Subprime Crisis: Better-Not More-Regulation Needed

Mar 11, 2008

The subprime crisis and credit crunch have rejuvenated a public dialogue about the regulation of the U.S. capital markets.

By capital markets, I’m talking about the vast array of financial products and services—debt and equities securities, mutual funds, commodities and derivative products, credit and banking products, and insurance—upon which businesses, investors, and consumers depend. All of these are essential for financing new ideas, innovations, and jobs, as well as new homes, retirement, and college tuition.

More lawsuits and additional regulatory or legislative Band-Aid fixes are not solutions for the challenges facing our financial markets. Rather, it’s time for thoughtful and comprehensive capital markets regulatory reform. We need better regulation, not more regulation.

In the past couple of years, no fewer than four independent, blue ribbon commissions tasked with studying the competitiveness of the U.S. capital markets—including the U.S. Chamber bipartisan Commission on the Regulation of the U.S. Capital Markets in the 21st Century—have concluded that, while not completely broken, the U.S. capital markets regulatory and enforcement environment needs repairing.

First, we must make our regulatory system more coherent, contemporary, and compatible with the rest of the world. Our system, largely unchanged since it was created during the Great Depression, has failed to respond to increasingly competitive markets overseas and more complex investment instruments. Overlapping authority among federal and state regulatory bodies creates confusion and, sometimes, a contradictory patchwork of rules. Complicating things further is the fact that U.S. accounting and auditing standards are not in line with increasingly global integrated standards.

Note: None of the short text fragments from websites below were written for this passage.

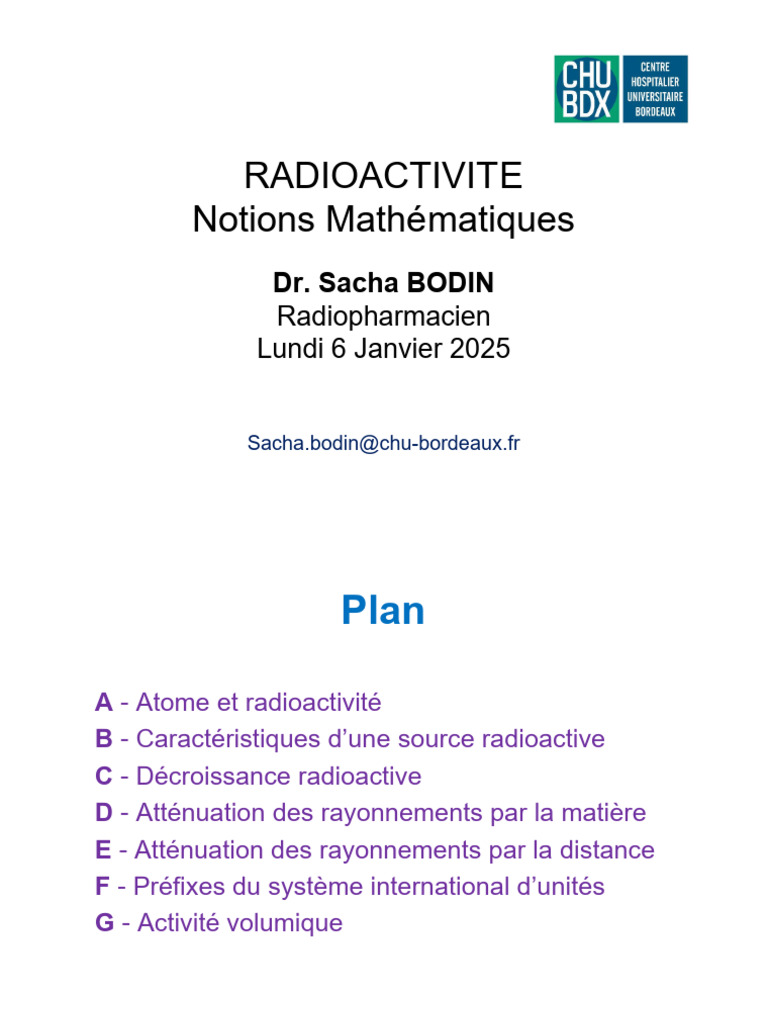 Conversion MBq et MCI en radioactivité | PDF | Radioactivité | Atomes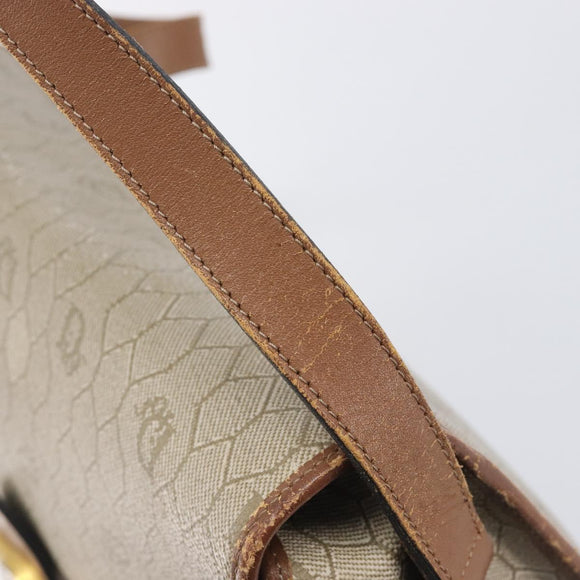 Christian Dior Honeycomb Canvas Shoulder Bag PVC Beige Gold Auth ka6648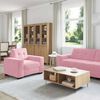 vidaXL Sofa 3 pcs Rosa Leinenmischgewebe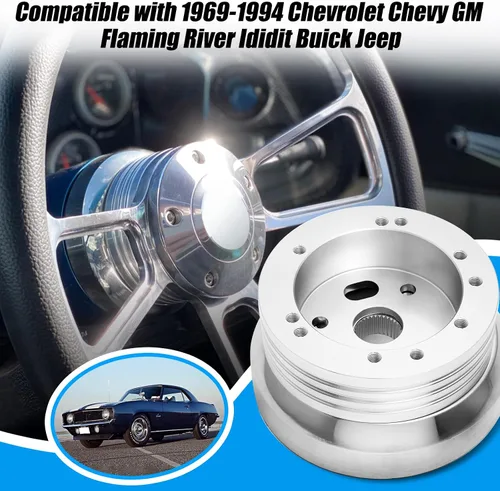 Vista 2 de Adaptador de cubo de volante de billete de 5 y 6 agujeros compatible con Chevrolet Chevy GM Flaming River Ididit Buick Jeep Pontiac Oldsmobile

Second, we need fair, even-handed enforcement that upholds due process rights. A rules-based, "gotcha," enforcement-only mentality discourages capital formation. While we need to be as tough as nails on those that break the rules, fairness in enforcing the law is important for encouraging businesses to take risks to grow. Agencies should develop their roles as partners or mentors, offering companies clear and concise guidance and compliance tools.

Finally, we must challenge the self-serving tactics of trial lawyers, labor pension funds, and corporate governance rating agencies that, through lawsuits and politically motivated proxies, attack companies and drive down shareholder value.